104 S.W.2d 471 | Tex. | 1937

Defendant in error Pageway Coaches, Inc., was engaged in operating motor buses as a common carrier under the provisions of Chapter 270, Acts Regular Session, 40th Legislature, 1927, as amended by Chapter 78, Acts First Called Session 41st Legislature, 1929 (Vernon's Annotated Civil Statutes, Article 911a); and carried the insurance required by Section 11 of that law with defendant in error American Fidelity Casualty Company, Inc. Plaintiff in error sued the bus company for damages on account of personal injuries suffered by him, his wife and child, and damage done his automobile in a collision between the automobile and a bus operated by the bus company, joining the insurer as defendant. The trial court overruled pleas in abatement filed by both defendants contesting the joinder of the insurer and, after trial with a jury, rendered judgment against both defendants. The Court of Civil Appeals reversed and remanded the cause, holding that the insurer was improperly joined. 71 S.W.2d 561. Writ of error was granted on account of conflict on the question of joinder with several decisions of different Courts of Civil Appeals.

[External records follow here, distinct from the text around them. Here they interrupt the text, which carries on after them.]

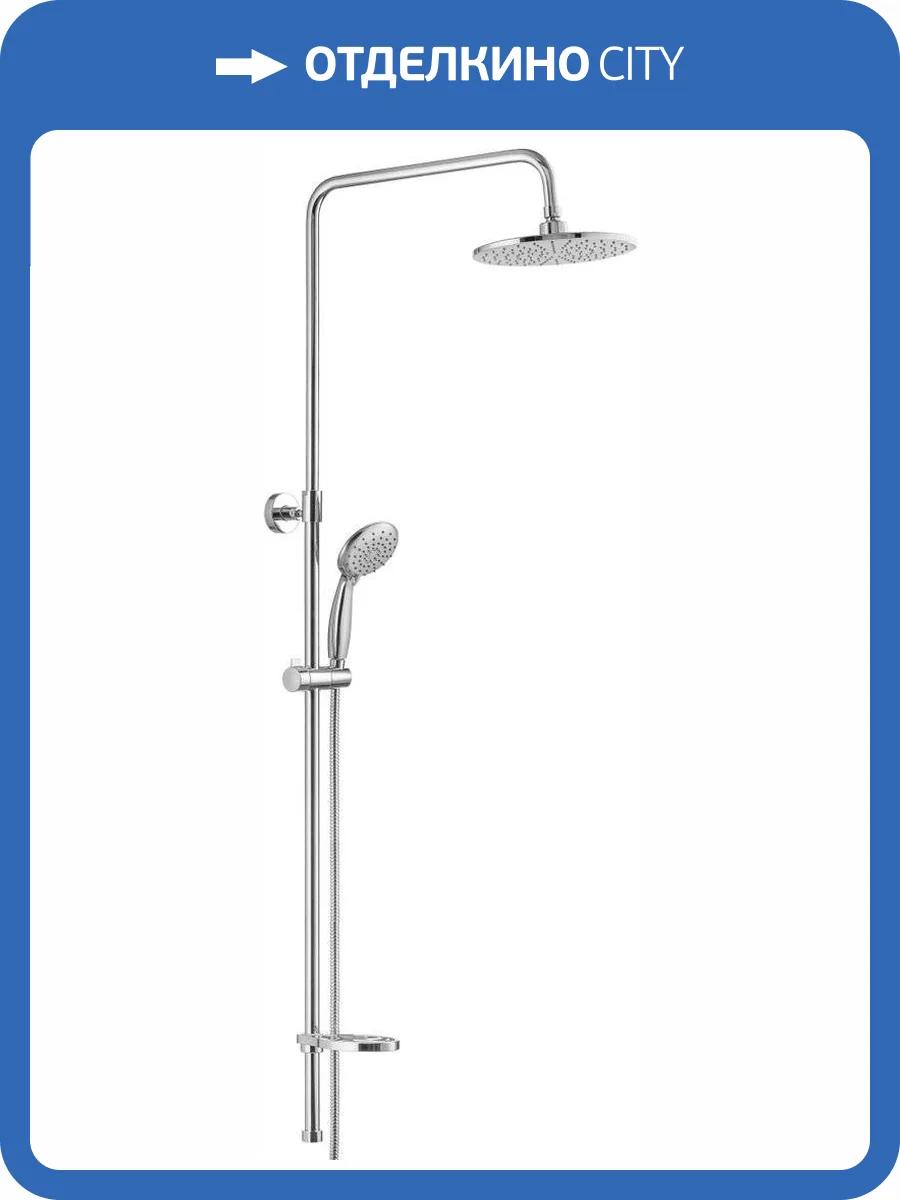 Душевая стойка Swedbe Calypso 5072 фото 14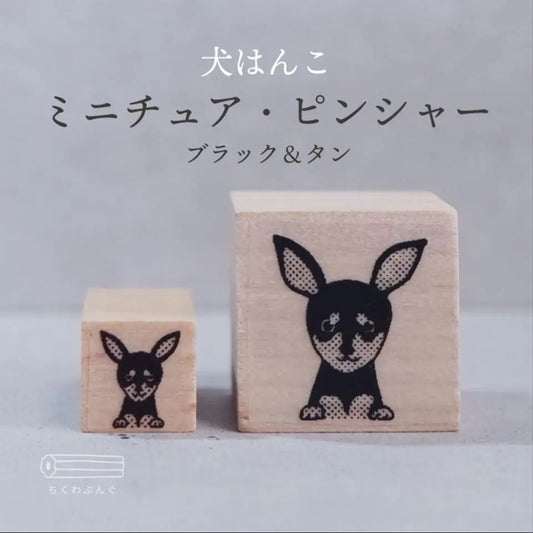 chikuwa bungu印章 迷你平雪犬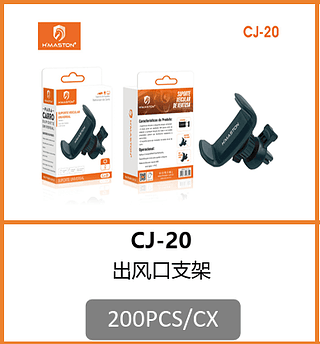 SUPORTE VEICULAR 200PCS/CX R$:4.69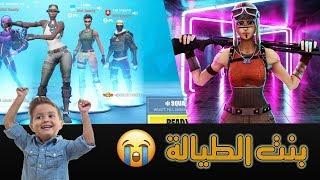 ردة فعل ورع عمره 4 سنوات على السكنات النادرة  - ( كيوت😭❤ ) - Fortnite !!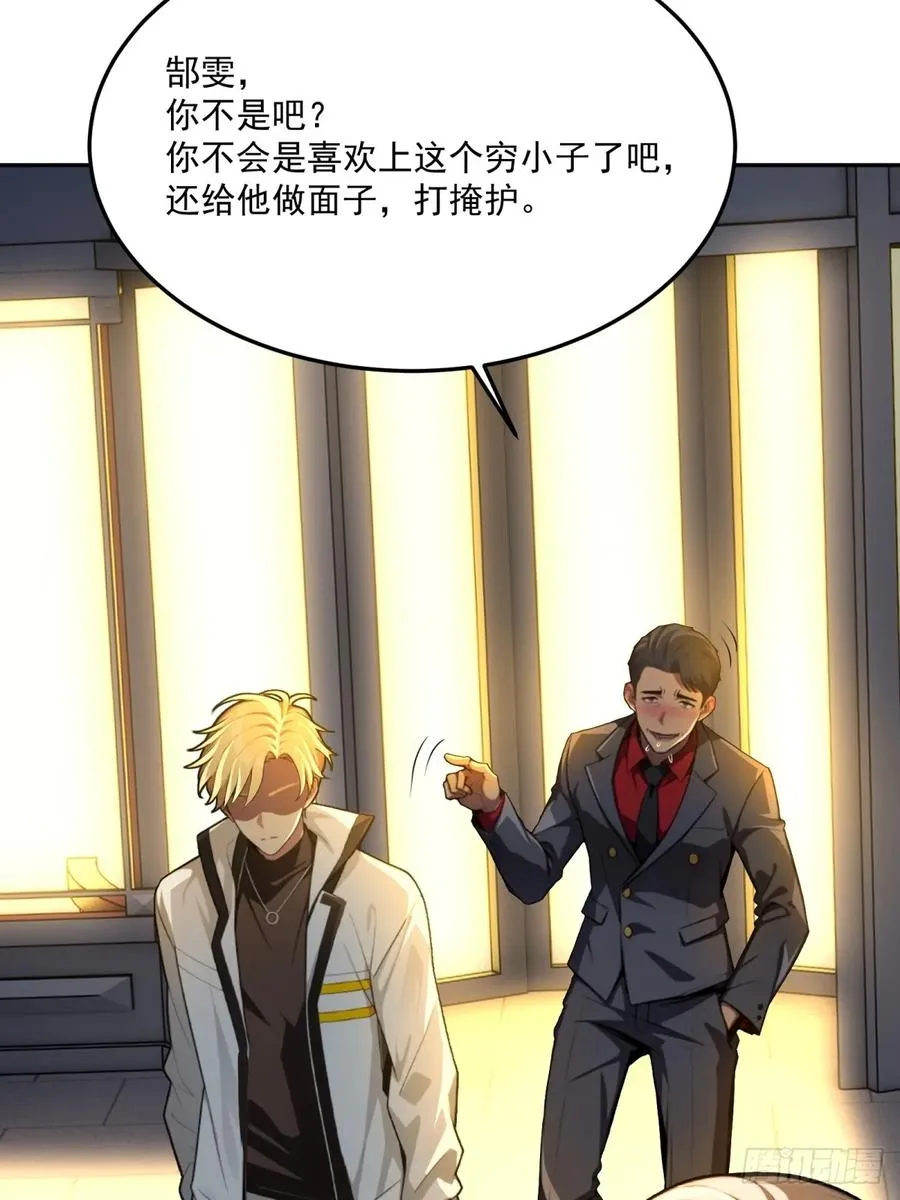 第13话 第27页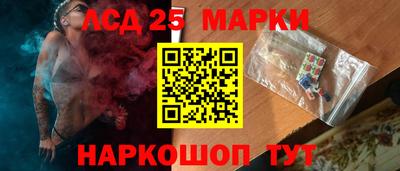 синтетический гашиш Будённовск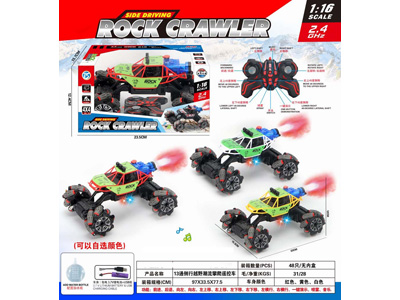 <img src='photo/F/JF104557.jpg'width='400' height='300'>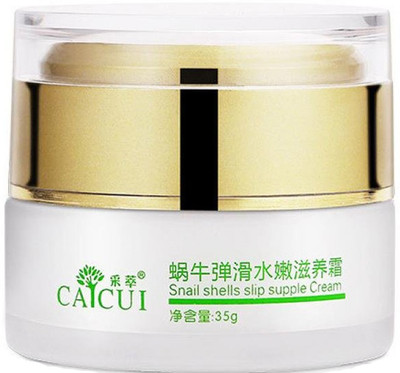 

CAICUI Ultimate Moisturizing Snail Cream Anti Aging Whitening light Face Cream for Very Dry Skin(35 g)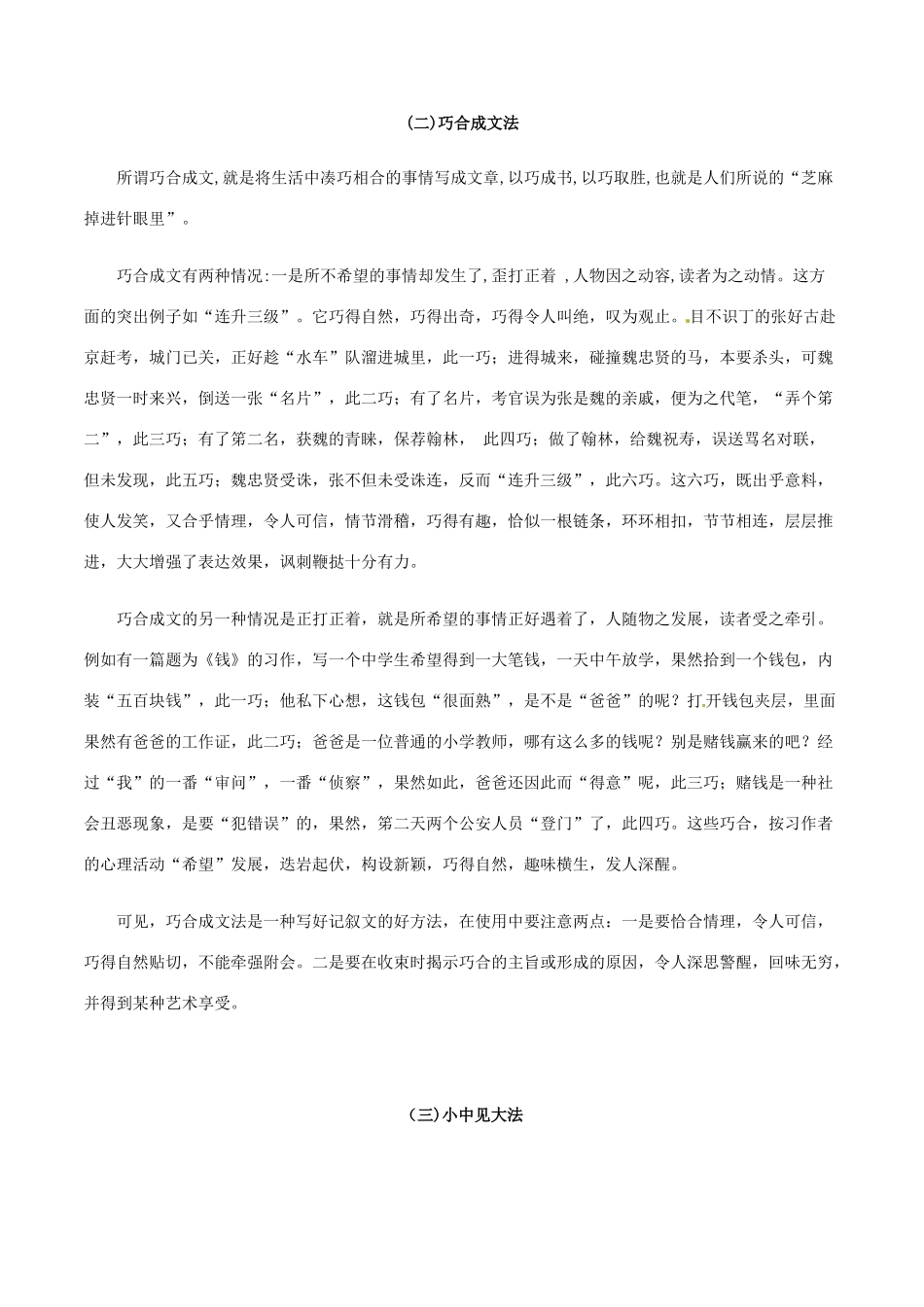 高中语文 一 文章写作八种技巧素材-人教版高中全册语文素材_第2页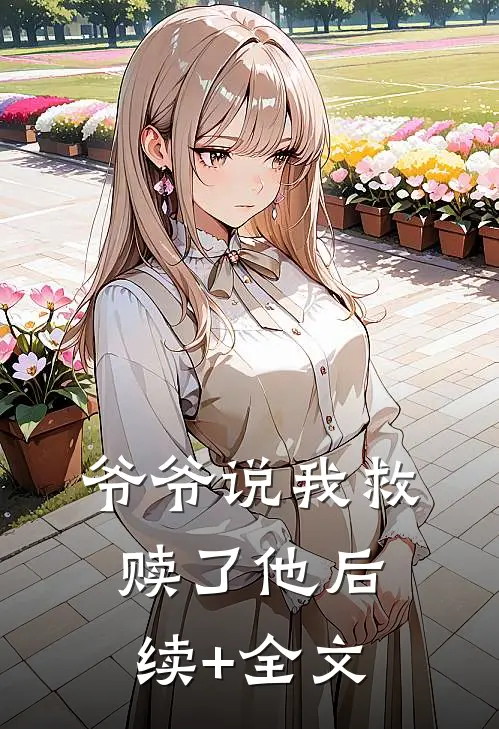 爷爷说我救赎了他后续+全文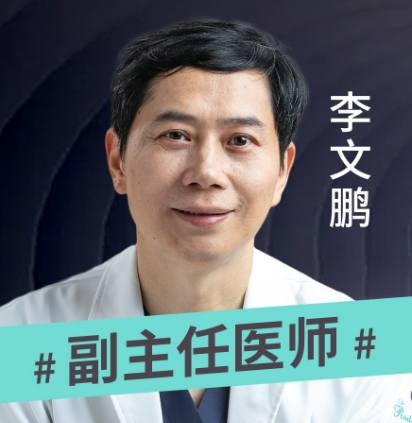瑞丽医美面部填充多少钱?低至1万元起,附人气医生信息插图2 瑞丽医美面部填充多少钱?低至1万元起,附人气医生信息插图2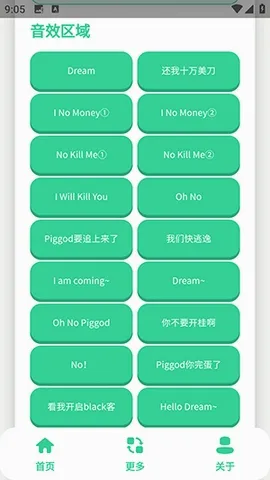 ��ЦDream������(�����ز�APP)v1.0 �ٷ�����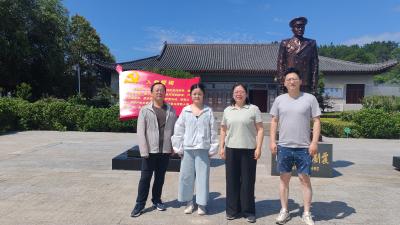 汉川审计：追寻红色足迹，赓续革命薪火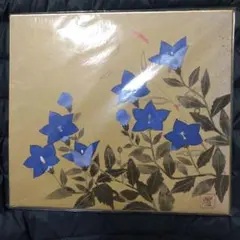 2025年最新】成川美術館の人気アイテム - メルカリ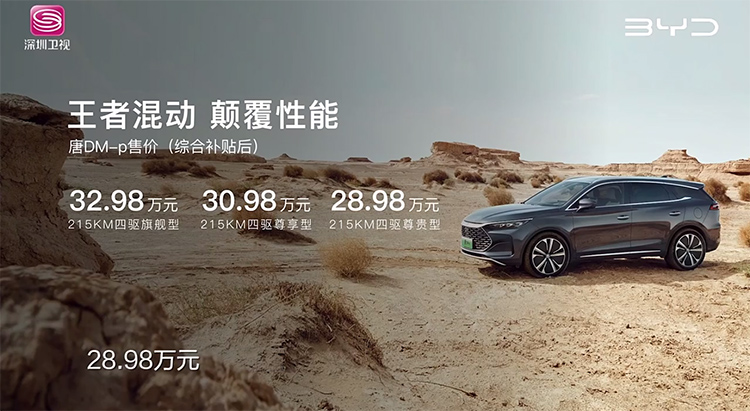 2022成都车展丨比亚迪唐DM-p正式上市：零百加速4.3秒 起售价28.98万元-第1张图片-科技快讯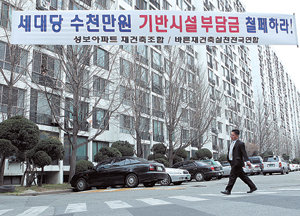 강남의 분노정부가 ‘3·30 부동산 대책’ 입법을 서두르는 가운데 6일 서울 강남구 역삼동 성보아파트 단지에 재건축 아파트 기반시설부담금에 반대한다는 플래카드가 걸려 있다. 정부는 이날 3·30대책의 핵심 법안인 ‘재건축개발이익 환수에 관한 법률’을 다음 주초 국회에 의원입법 형태로 상정할 계획이라고 밝혔다. 김재명 기자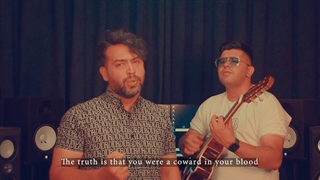 آهنگ جدید مهران به نام الحق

1 That the Court of Civil Appeals correctly decided this question has been settled by several decisions since the writ of error was granted. The trial court's action in overruling the pleas in abatement and requiring the bus company to proceed to trial with the insurer as codefendant was clearly prejudicial to the bus company as well as to the insurer. Even if it be assumed that some of the jurors knew that the bus company was required by law to carry insurance, the presence of the insurer as a party defendant emphasized, and brought directly to the attention of the jurors, the fact that the bus company was protected by insurance. Grasso v. Cannon Ball Motor Freight Lines, 125 Tex. 154, 81 S.W.2d 482; Moxon v. Ray,125 Tex. 24, 81 S.W.2d 488; American Fidelity Casualty Co. v. McClendon, 125 Tex. 41, 81 S.W.2d 493; Kuntz v. Spence, (Com. App.) 67 S.W.2d 254; Seaton v. Pickens,126 Tex. 271, 87 S.W.2d 709; Universal Automobile Insurance Co. v. Culberson, 126 Tex. 282, 86 S.W.2d 727; 87 S.W. (2) 475; American Indemnity Co. v. Martin, 126 Tex. 73, 84 S.W.2d 697; Webster v. Isbell, 128 Tex. 626, 100 S.W.2d 350.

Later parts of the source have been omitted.